S. Cyrille. Le Seigneur est plein de libéralité pour tous les hommes, cependant il ne donne point indistinctement, et au hasard, les choses célestes et divines ; il les réserve pour ceux qui en sont dignes, c’est-à-dire pour ceux qui savent préserver leur âme des souillures du péché, c’est ce que nous enseigne la parole puissante du saint Évangile : « Pendant qu’ils étaient en chemin, un homme lui dit : Je vous suivrai partout où vous irez. » — Remarquons d’abord que cet homme s’approche de Jésus avec beaucoup de tiédeur, et que, par conséquent, ses prétentions sont excessives ; en effet, il ne demande pas à marcher simplement à la suite de Jésus-Christ, à l’exemple d’un grand nombre, mais il aspire ouvertement à la dignité d’apôtre, contrairement à cette parole de saint Paul : « Personne ne peut s’attribuer cet honneur, mais il faut y être appelé de Dieu. » (He 5.) — S. Athan. Il ose encore s’égaler à la puissance incompréhensible du Sauveur en lui disant : « Je vous suivrai, partout où vous irez. » Car si la nature humaine, dans la condition que Dieu lui a faite, peut suivre le Sauveur pour entendre sa doctrine, il lui est impossible de le suivre partout où il est ; car il est incompréhensible, et n’est circonscrit par aucun lieu. — S. Cyrille. Le Sauveur avait encore un autre motif légitime pour ne point accepter l’offre que lui faisait cet homme ; il enseignait qu’il devait auparavant porter sa croix et renoncer aux affections de la vie présente ; et son intention, en lui donnant cette leçon, n’était pas de lui faire un reproche, mais de lui inspirer des dispositions plus parfaites.

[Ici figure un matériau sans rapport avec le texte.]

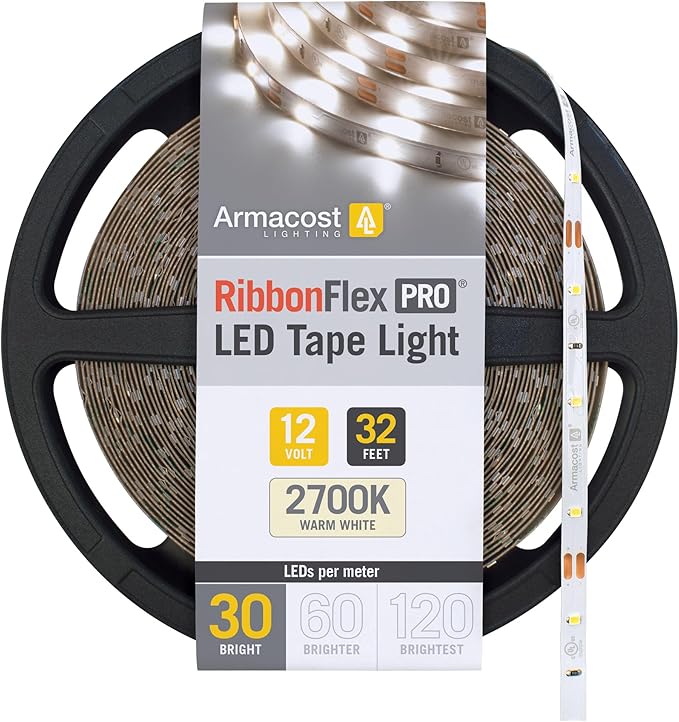Armacost Lighting RibbonFlex Pro 12V White LED Strip Lights 30 LED/m, 2700K, 32.8 ft 131250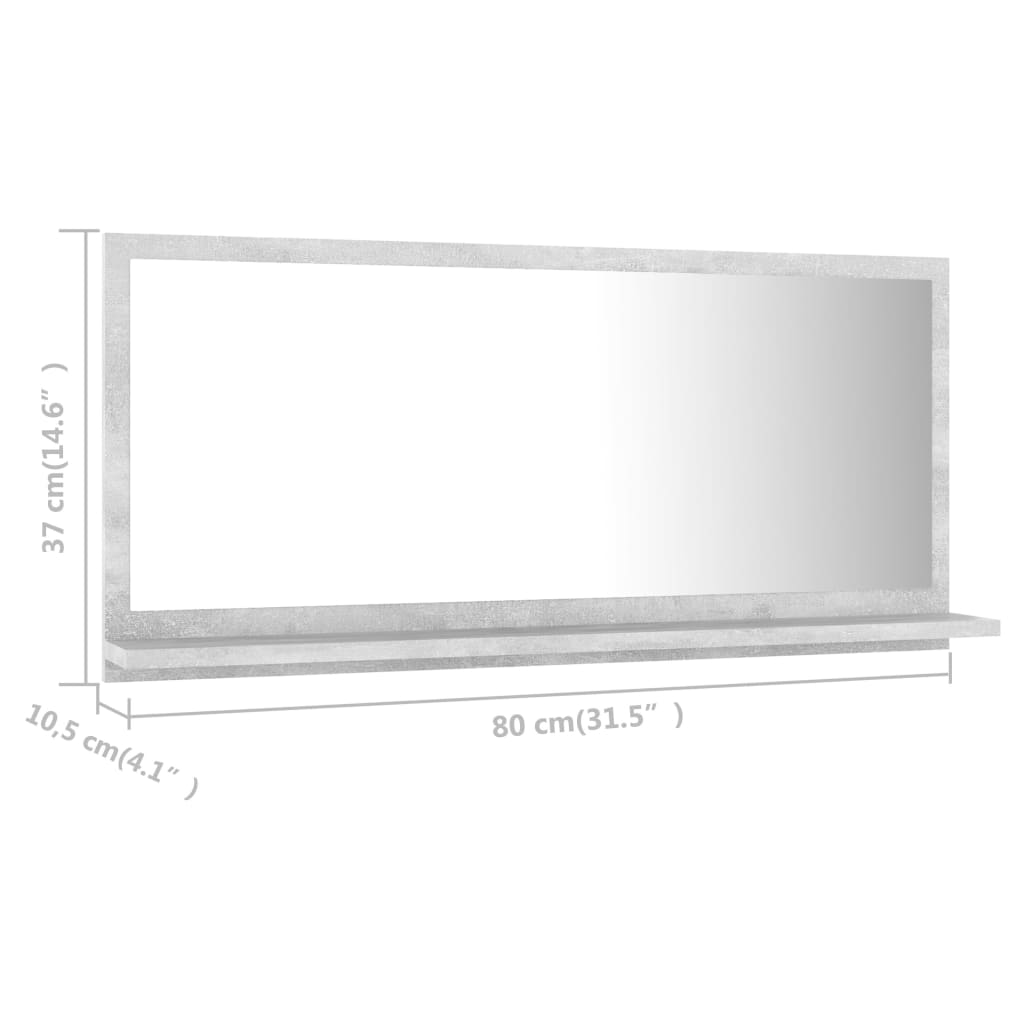 vidaXL betonszürke forgácslap fürdőszobai tükör 80 x 10,5 x 37 cm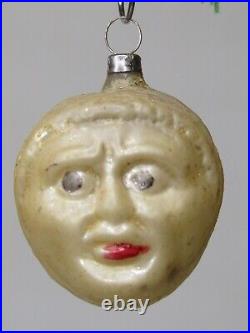Antique VTG Blown Glass Black Man Double FACE HEAD Christmas Ornament Germany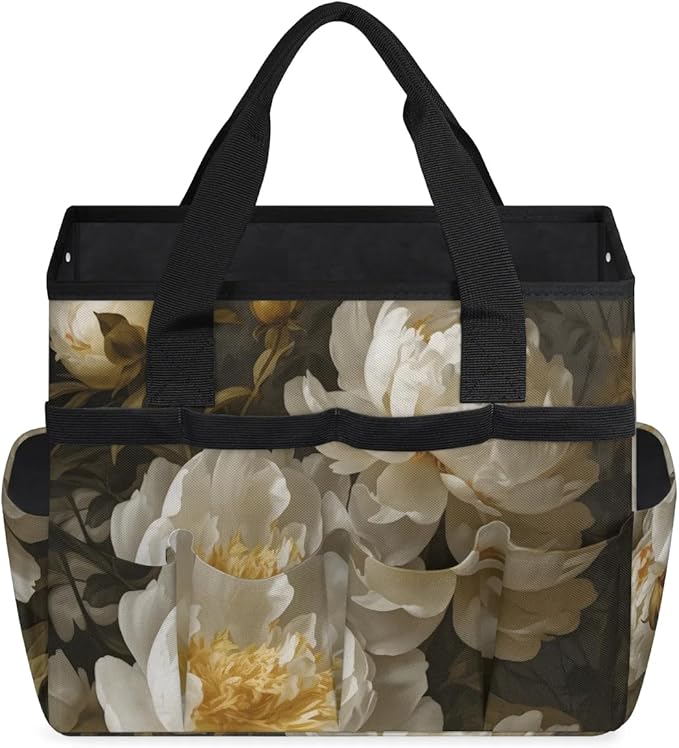 Garden Tool BagFloral Peony Flower Gardening Organizer Bag With Pockets Garden Tool Kit Storage Tote for Women Men Garden Tool Set Holder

« Jésus lui dit : Les renards ont des tanières, » etc. — Théophile. Cet homme avait vu le Sauveur entraîner une grande multitude à sa suite ; il s’imagina qu’elle lui payait un tribut, et qu’en s’attachant lui-même au Seigneur, il trouverait le moyen de s’enrichir. — Bède. Aussi Jésus lui répond : « Pourquoi n’avez-vous d’autre motif, en désirant me suivre, que d’obtenir les richesses et les avantages de ce monde, lorsque je suis si pauvre, que je ne possède pas même la plus petite demeure, et que le toit qui m’abrite, ne m’appartient pas ? » — S. Chrys. (Ch. des Pèr. gr.) Voyez avec quelle sévérité le Sauveur pratique la pauvreté qu’il avait enseignée ; il n’avait à lui ni table, ni chandelier, ni maison, ni aucune des choses nécessaires à la vie.

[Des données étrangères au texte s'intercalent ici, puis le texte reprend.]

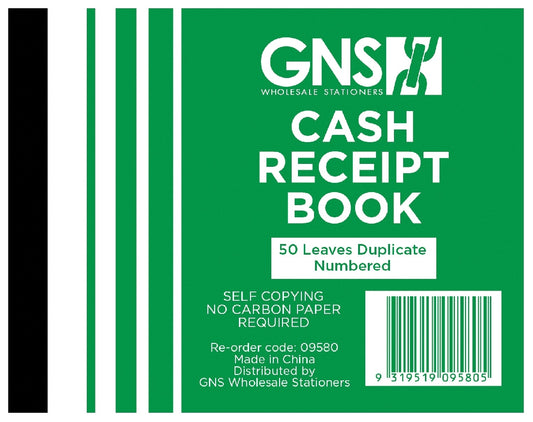 CASH RECEIPT BOOK GNS 5X4 DUPLICATE CARBONLESS 50LF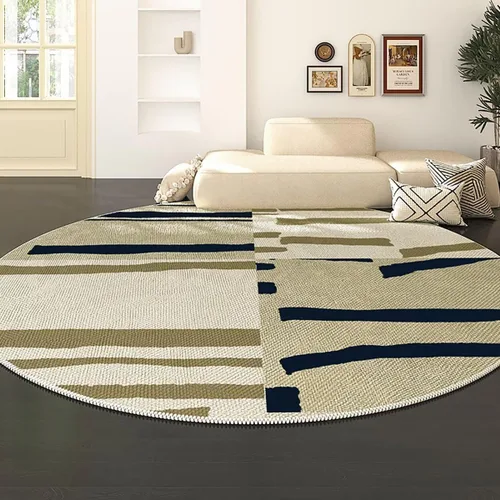 Miniatura 7 de Modernas alfombras redondas de color marfil a rayas negras para dormitorio, sala de estudio, simple moda abstracta, alfombra de área circular de 2
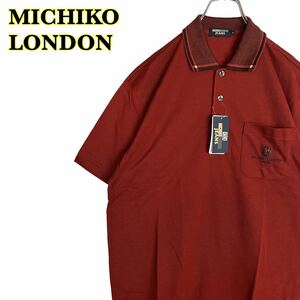 ★未使用★MICHIKO LONDON JEANS ミチコロンドン　ジーンズ　半袖ポロシャツ　ロゴ刺繍　メンズ　Lサイズ　【AY1041】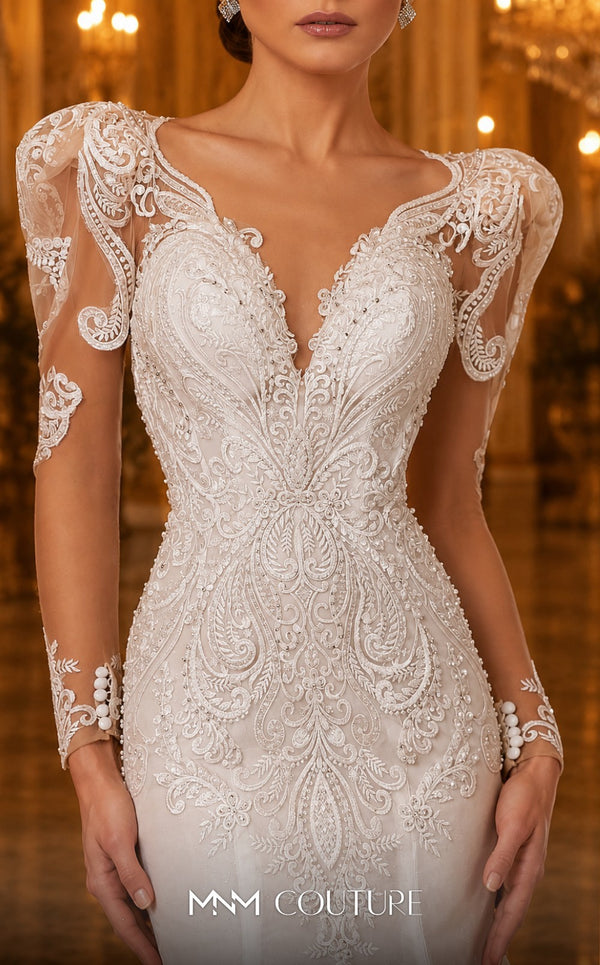 MNM Couture W2102 puffed-sleeve mermaid dress with shiny tulle, lace appliques, and beaded trim. | Couture Shop LA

S. Cyrille. Dans le sens figuré, les renards et les oiseaux du ciel sont le symbole des puissances malignes et astucieuses des démons, et Jésus semble dire à cet homme : Les renards et les oiseaux du ciel trouvent en vous leur demeure, comment le Christ pourrait-il s’y reposer ? Qu’y a-t-il de commun entre la lumière et les ténèbres ? (2 Co 6, 14.)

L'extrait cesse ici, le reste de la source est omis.